This week, Puma reupped its contract with Usain Bolt for an undisclosed sum, although the U.K.’s Daily Telegraph puts the terms of the new deal in the stratosphere, at least for a track-and-field athlete: $10 million a year through 2016, an “extra $10 million” if Bolt competes in the world championships in London in 2017, and an additional $4 million annual salary to serve as a “Puma ambassador” on retirement. The deal follows the sprinter’s announcement on Sept. 4 that he will retire after the 2016 games, though he has since intimated that he might not hang up the spikes quite so soon—perhaps an extra $10 million changed his mind.
If the Daily Mail has it right, that’s even more generous than his previous, $9 million-per-year contract with Puma and on a par with Rafael Nadal’s yearly payout from Nike. Is Puma getting its money’s worth? Maybe so, says Nigel Currie, managing director of the British company Brandrapport. “The impact he’s had for Puma can’t be overstated,” he says. “It’s certainly given Puma the credibility and the step up that it needed to be seen as a major player—that life isn’t all about Adidas and Nike.”
According to the data firm Repucom, which measures “consumer perceptions of celebrities,” Bolt ranks 36th worldwide in influence, which the firm defines as the measure to which a celebrity can affect “brand consideration” and “purchase intent.” That puts him in league with Peyton Manning and LeBron James (although Bolt’s worldwide ranking as an endorser is lower).
According to Repucom product manager Kathy Gardner, Tom Brady and Derek Jeter are Bolt analogues in the U.S.; internationally Bolt is in a league with Rafael Nadal and Michael Phelps. “He generates the highest endorsement score in Mexico, with the U.S. in the middle of the pack and Germany at the bottom,” Gardner says. “Even in his worst-scoring markets, he’s well above the median endorser.” (Who’s a median endorser? The Baltimore Ravens’ Ray Rice, for one, or the New York Yankees’ Jorge Posada.)

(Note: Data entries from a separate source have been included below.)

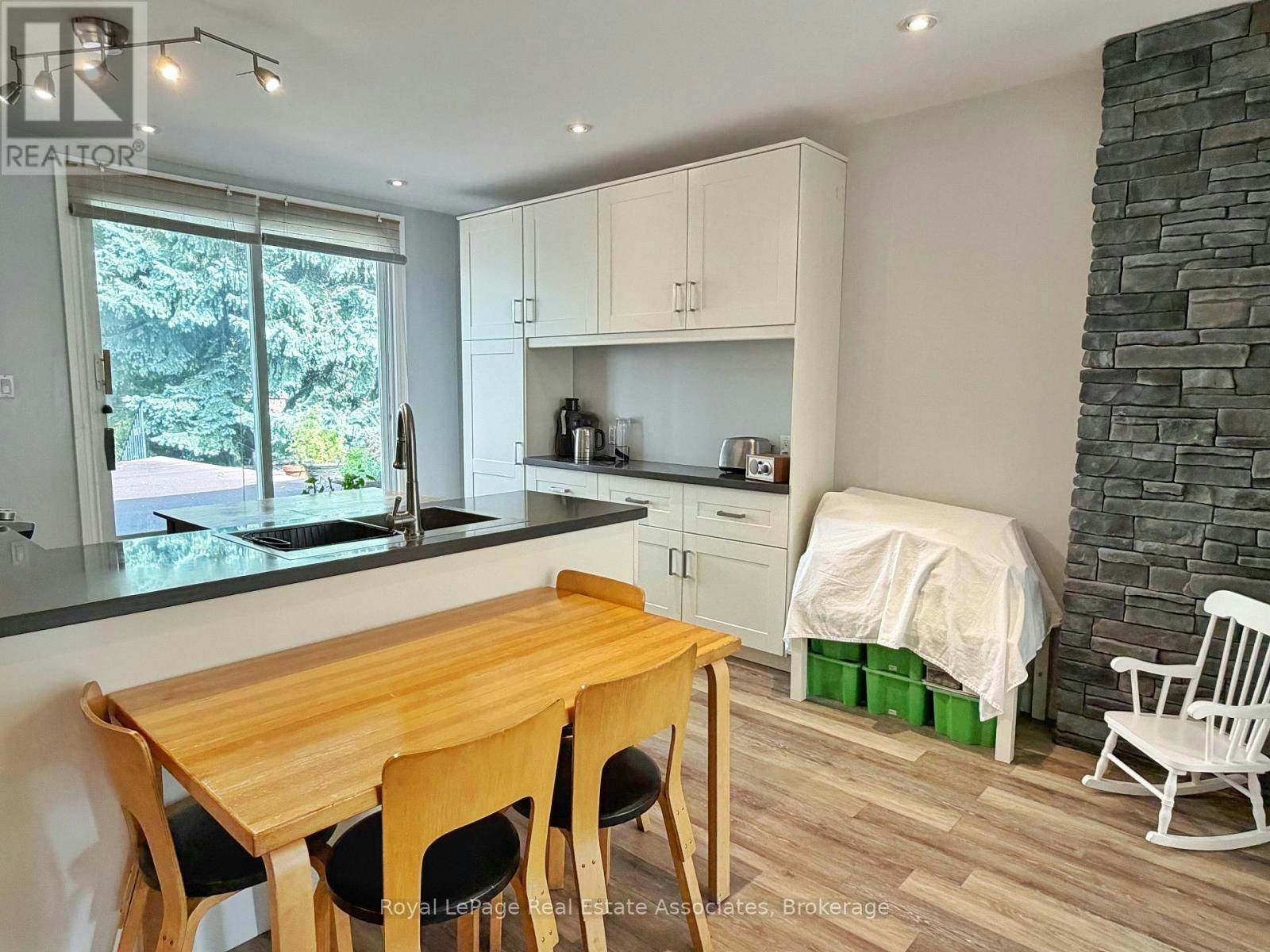 UPPER-157 Glenmore Road, Toronto, ON, M4L 3M2 - 4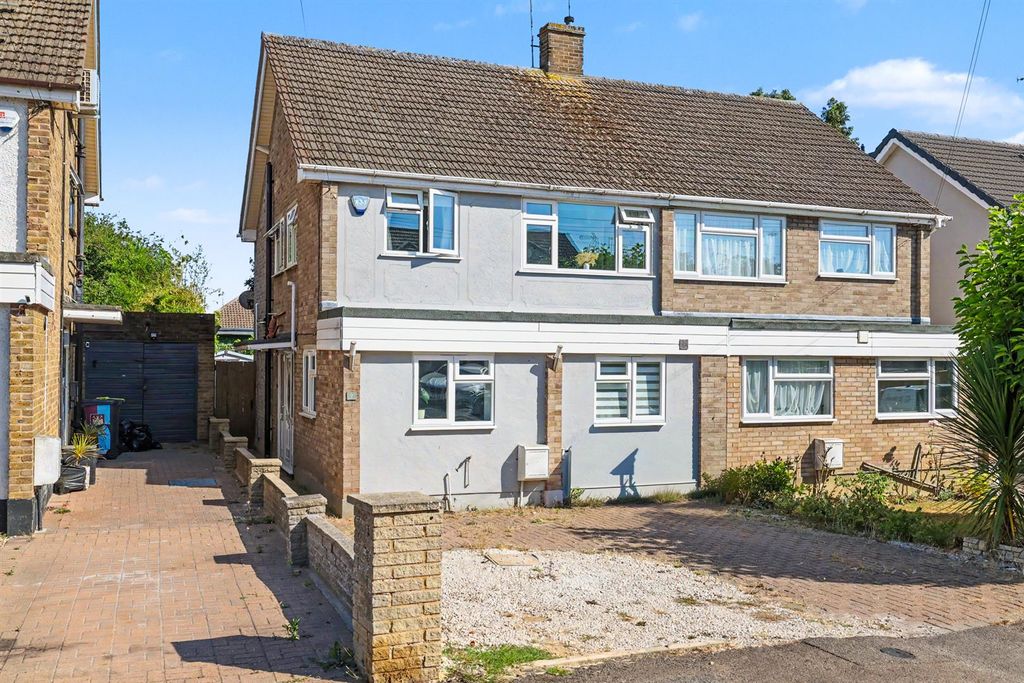 Property photo 1 of 23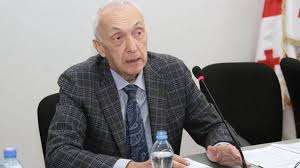 "უცხოეთში სამუშაოდ წასული ქართველი ექიმების ნაწილი, საბედნიეროდ მხოლოდ ერთი ნაწილი, ცდილობს დააკნინოს და ნეგატიურ ჭრილში წარმოაჩინოს ქართული მედიცინა და მისი მიღწევები" - თენგიზ ცერცვაძე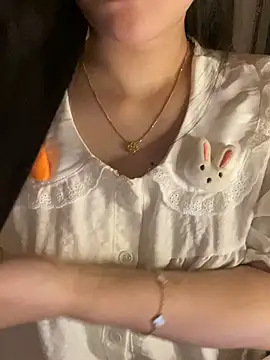 bonnie22 - Bonnie22's free webcam - UK Sex Cams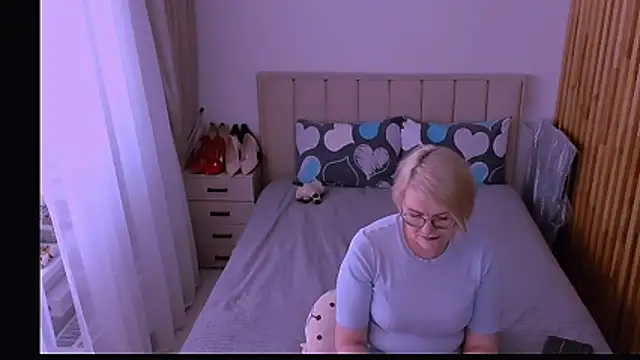 sabrinamacmarren online show from 05/13/26, 02:02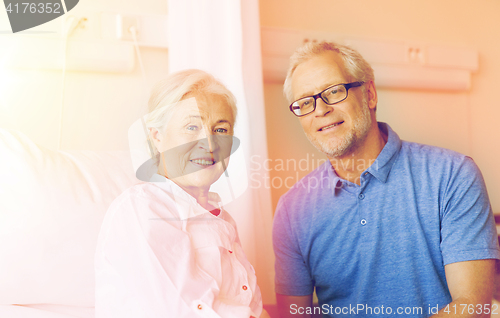 Image of senior couple meeting at hospital ward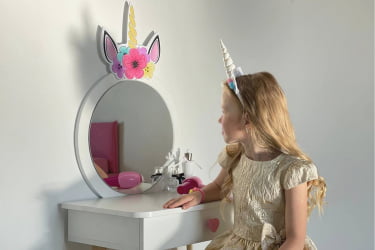 Детский стол со стульчиками Единорожка MK-0020 Белое дерево/белый (плюш)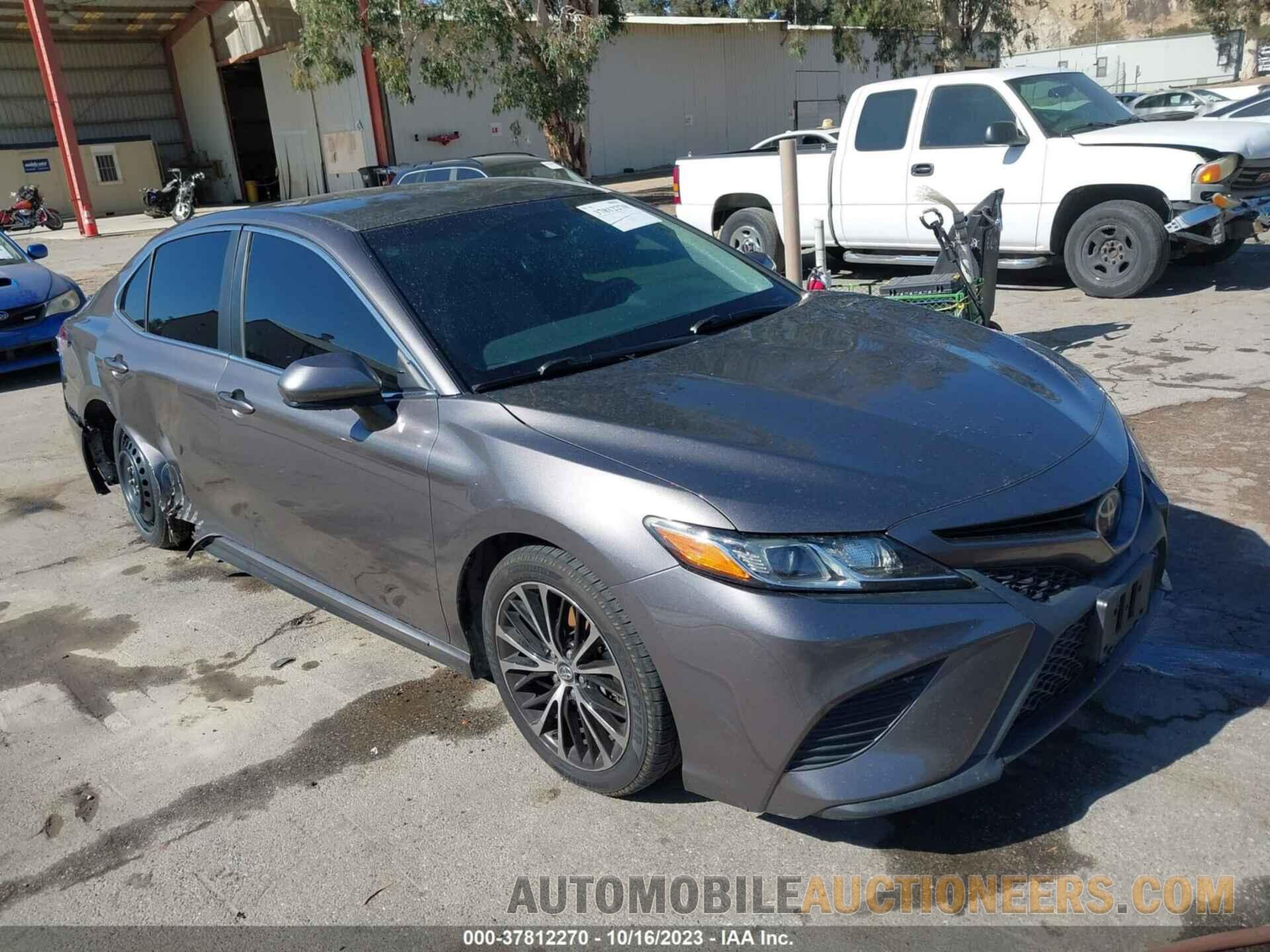 4T1B11HK0JU019784 TOYOTA CAMRY 2018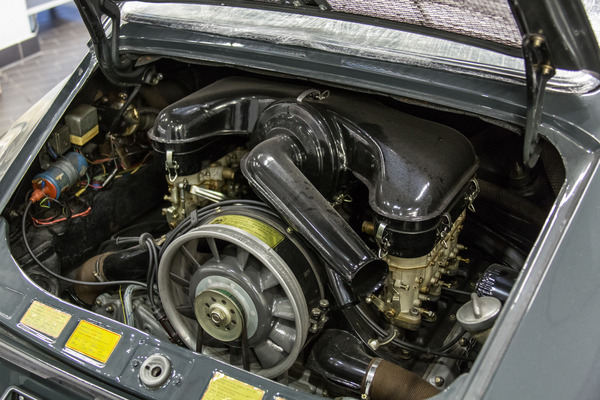 Impressionen der Porsche Soundnacht 2016 - Blick in Motor in der Museumswerkstatt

After resigning Bolt in 2010, Puma also expanded its roster of European soccer stars. In May, the company secured a five-year deal with the London-based Premier League team Arsenal F.C., valued at roughly $270 million (£170 million). The deal will go into effect in time for the 2014 season and end a two-decade partnership between the Gunners and Nike. According to the Daily Mail, Puma beat Adidas to the punch. “Adidas had also reportedly targeted the Gunners in a way which has been described as a ‘strategic decision to own London.’” It is the highest-profile team to wear Puma gear yet. The company also sponsors Borussia Dortmund in Germany, in addition to Newcastle United in England and F.C. Girondins de Bordeaux in France.
On the track, Bolt is showing some signs of mortality. Over the course of this year, his best time in the 200 meters represented his slowest season-best performance since 2007. In the 100 meters—Bolt’s main event—his quickest sprint clocked in at 9.77-seconds. According to ESPN, that “was still the Jamaican’s slowest season-best time since 2010, when his fastest was 9.82.”
He is still faster than everyone else. He won this year’s world championships, then closed out the season on Sept. 6 with a victory in the 100 meters at the Memorial Van Damme in Brussels. He still holds the title of “fastest man in the world.” As the Wall Street Journal’s Jason Gay observed in 2012: “The most satisfying part of Bolt—even more than his brilliant runs—is how much he demolishes the myth that the world wants humble athletes.” Or, for that matter, poor ones.